Hristiyanlar tarafından Kudüs ve çevresi buralarda bulunan kilise, mezar gibi bazı yerler, kutsal sayılmaktaydı. Fransız İhtilali sırasında meydana gelen gelişmeler, kutsal yerlerdeki Katolikleri koruyucusuz bıraktı ve Ortodokslar, kutsal yerlerde daha üstün bir duruma geçti. Ancak Katolikler, eski durumun kurulmasını istemeye başladı ve bu durum Kutsal Yerler Sorunu’nun doğmasına neden oldu. Sorun, görünüşte 1847 yılında İsa’nın doğduğu yer olan ve “Beytül-Lâhim”denilen yerdeki gümüş yıldızın kaybolması ile başladı. Bunun suçunu, Ortodokslarla Katolikler birbirlerinin üstlerine attılar. Osmanlı Devleti, mezhepler arasındaki gerginliğe son verebilmek için kendisi yeni bir yıldız yaptırıp yerine koymak istediyse de sorunun gelişmesini önleyemedi.

 Kırım Savaşı, Avrupalı devletlerin müdahalesi ile uluslararası bir boyut kazanmıştır.

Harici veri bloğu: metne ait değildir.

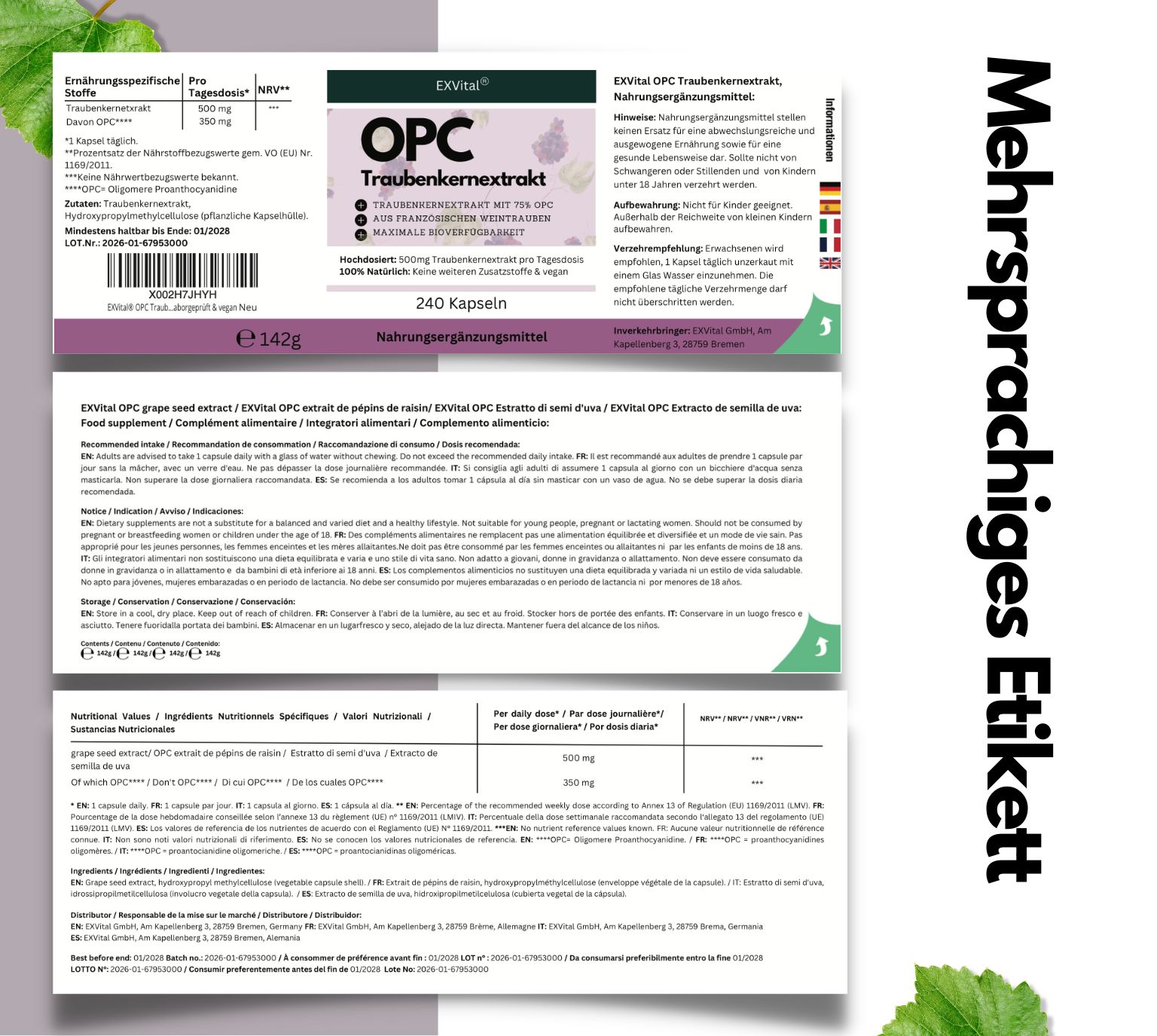 Mehrsprachiges Etikett. Informationen zu EXVital OPC Traubenkernextrakt Kapseln. Nährwertangaben, Inhaltsstoffe, Dosierung.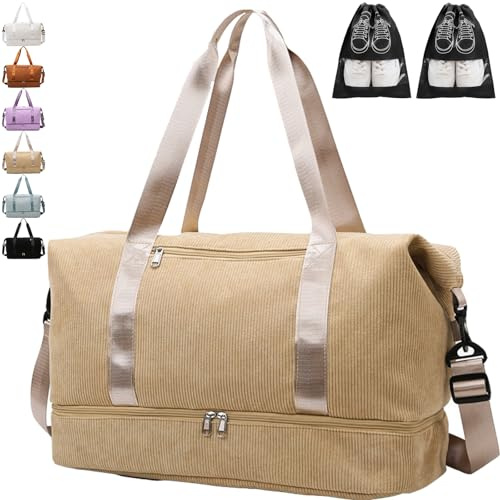 YOUYIKE Sportväska dam herr 20–35 l resväska snöre gym med skofack och våtfack handbagage weekend fitnesväska träningsväska simväska Everyday Bag bastu, A-gul, Vintage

30 Mart 1856’da imzalanan Paris Antlaşması’nın önemli maddeleri şunlardır:

 Avrupa devletleri Osmanlı Devleti’nin Avrupa devletler hukukundan yararlanmasını kabul edecekti. Ayrıca her biri ayrı ayrı Osmanlı Devleti’nin toprak bütünlüğüne ve

bağımsızlığına saygı göstermeyi garanti edecekti.

 Osmanlı padişahının ilan etmiş olduğu Islahat Fermanı diğer devletler tarafından

memnuniyetle karşılandı. Ancak bu ferman; antlaşmayı imzalayan hiçbir devlete, Osmanlı Devleti’nin iç işlerine karışma hak ve yetkisi vermeyecekti.

 Osmanlı Devleti ve Rusya, savaş sırasında birbirlerinden aldıkları yerleri ve esirleri geri verecekti.

 Boğazların kapalılığına dair 1841 Londra Boğazlar Sözleşmesi aynen yürütülecekti.

 Karadeniz; tarafsız duruma getirilecek, bütün devletlerin ticaret gemilerine açık fakat savaş gemilerine sürekli olarak kapalı olacak, kıyılarında hiçbir tersane bulunmayacaktı.

 Sırbistan, Eflâk ve Boğdan; Osmanlı Devleti’ne bağlı kalacak, ancak bunların sahip

bulundukları ayrıcalıklar genişletilecek ve bunlar antlaşmayı imzalayan devletlerin garantisi altında olacaktı.

 Paris Antlaşması’yla Osmanlı Devleti ilk kez Avrupa devletler hukukuna dâhil edilmiş ve topraklarının bütünlüğü büyük devletlerin garantisi altına alınmıştır.

 Böylece Osmanlı Devleti’nin bir Avrupa devleti olduğu belirtilmiştir.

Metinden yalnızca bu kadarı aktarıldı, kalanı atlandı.